Aim of the task:
For the material below, set down exactly the lines between the one containing "Bale grazing in the snow" and the last line, both included, leaving every picture out.

Collected data:

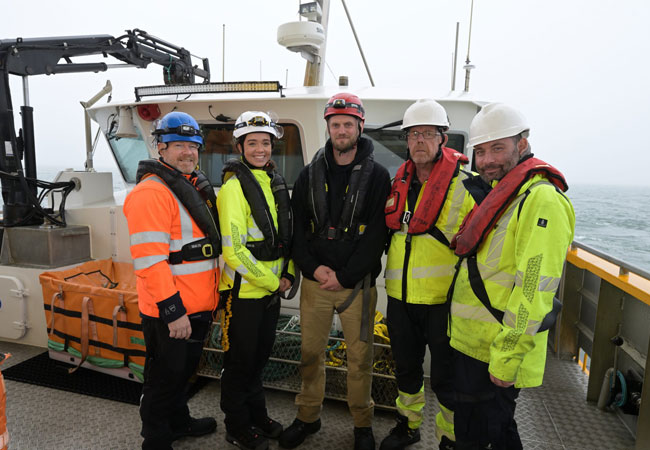 PB: RWE has joined forces with the Whitby Lobster Hatchery to release 5,000 juvenile lobsters at the site of its Triton Knoll offshore wind farm to help increase biodiversity in the North Sea. / ©: RWE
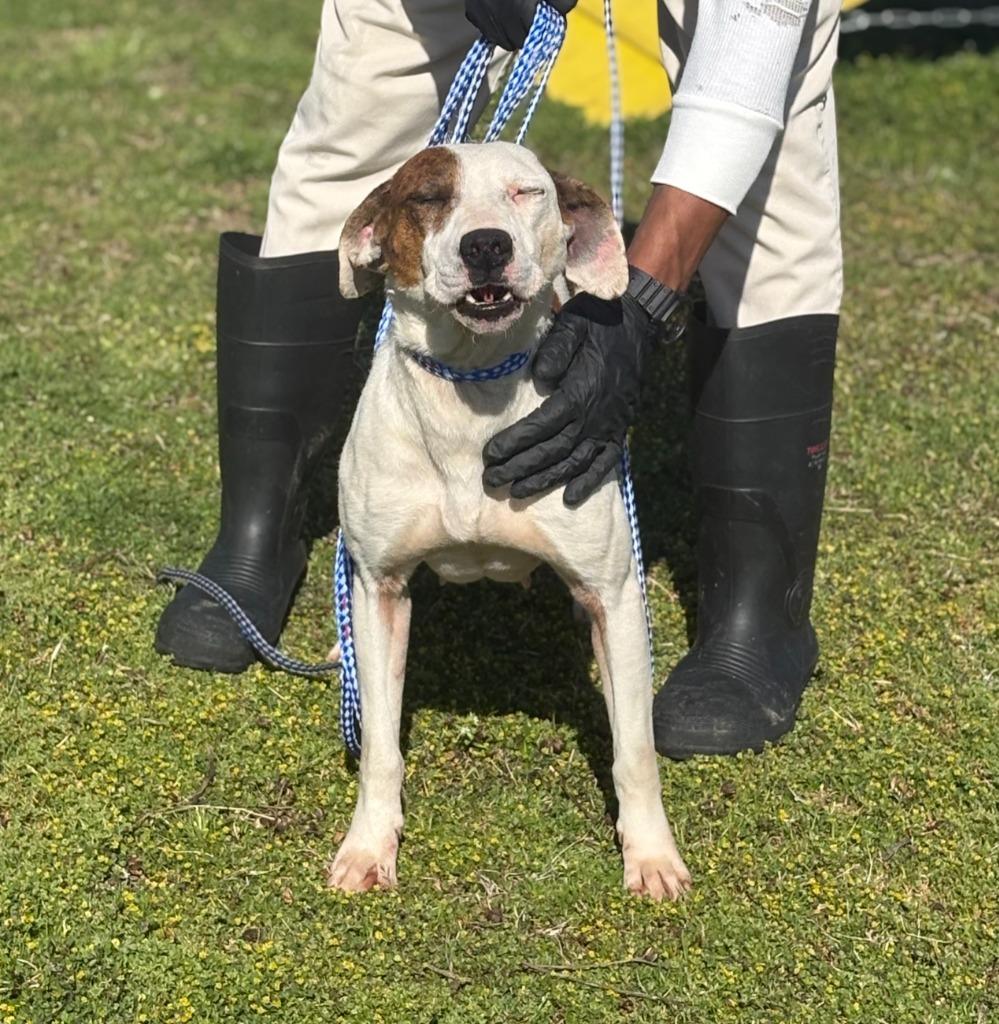 Enlarge Huggie, a Adoptable mixed breed in Effingham, SC image 4/6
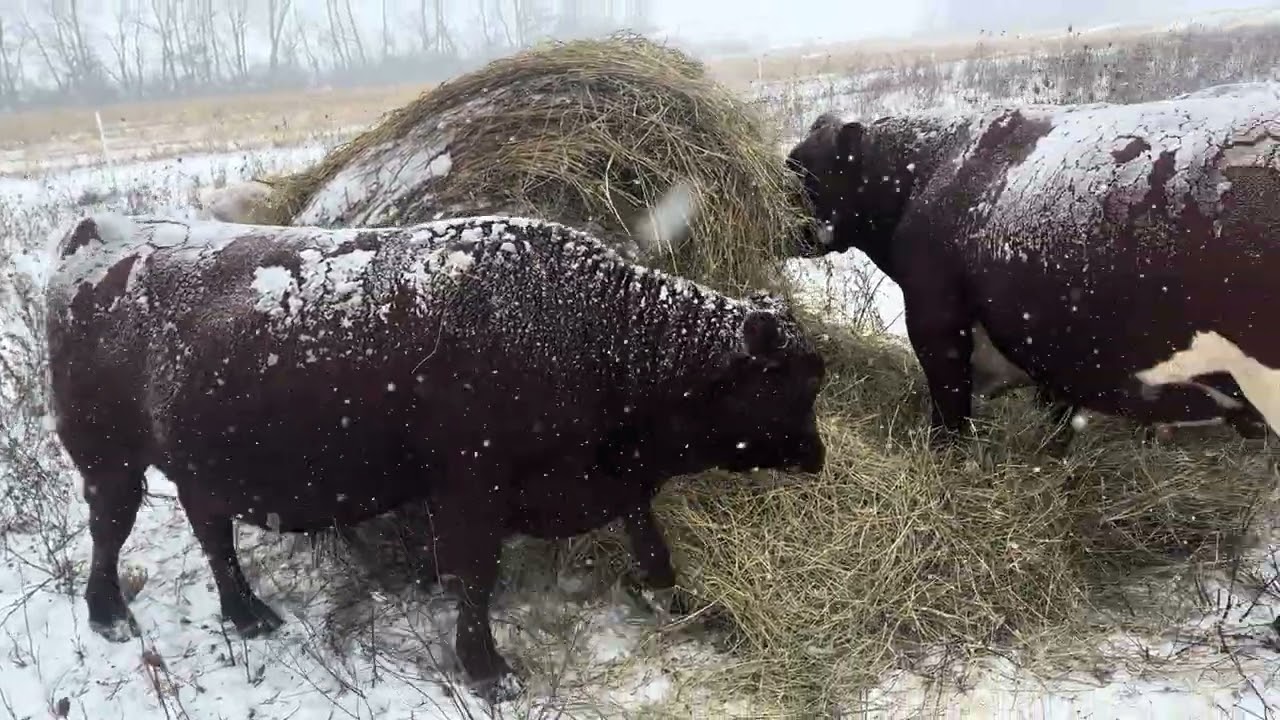 Bale grazing in the snow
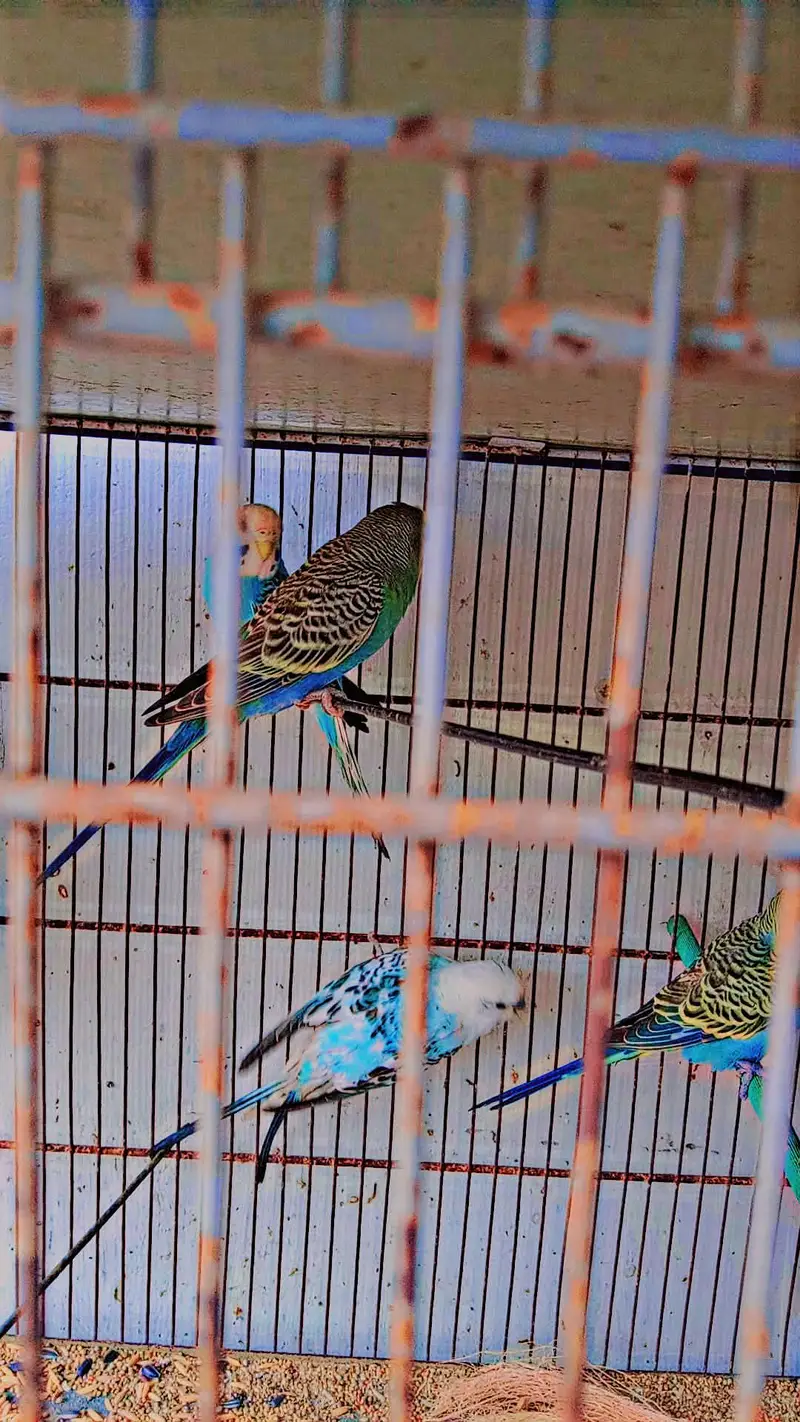 Australian totay multi colored — photo 4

Answer to the exercise:
 Bale grazing in the snow
 Australian totay multi colored — photo 4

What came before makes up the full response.